● **EXERCISE OBJECTIVE**: Please copy the lines below, exactly as they are, from the one with "Vente Marseille 8" through the one with "Daisy Chapman - Shameless Winter", and leave out the pictures.

● **DATA RECORDS**:
[Start of section]
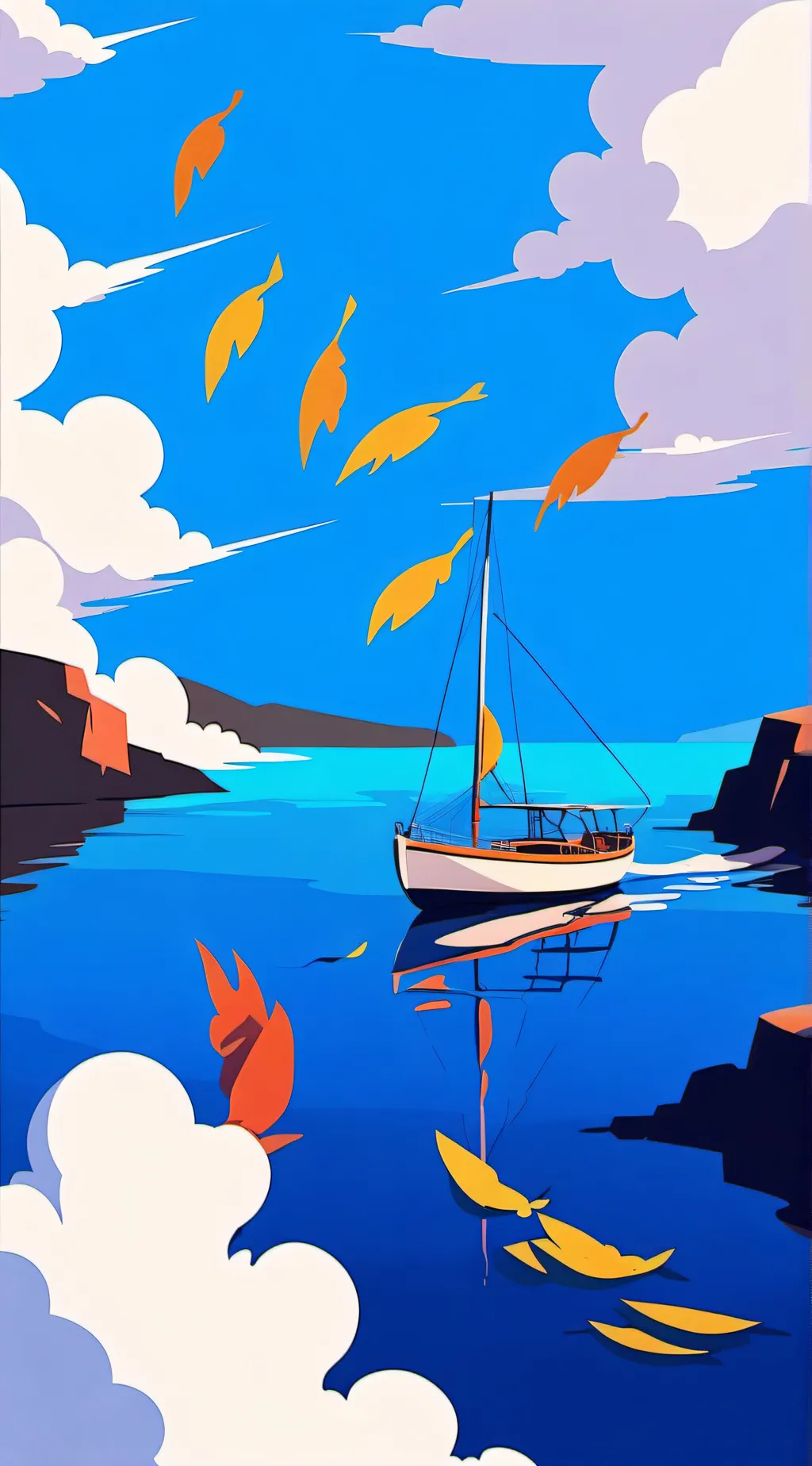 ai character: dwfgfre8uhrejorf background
[End of section]
[Start of section]
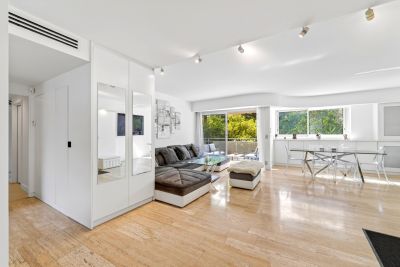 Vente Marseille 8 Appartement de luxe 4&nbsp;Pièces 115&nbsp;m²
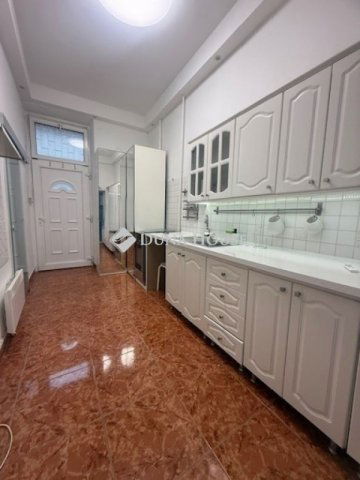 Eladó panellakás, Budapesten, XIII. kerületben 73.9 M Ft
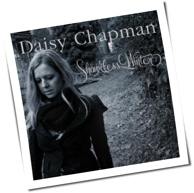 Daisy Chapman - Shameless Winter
[End of section]
● **PROBLEM SOLUTION**:
 Vente Marseille 8 Appartement de luxe 4&nbsp;Pièces 115&nbsp;m²
 Eladó panellakás, Budapesten, XIII. kerületben 73.9 M Ft
 Daisy Chapman - Shameless Winter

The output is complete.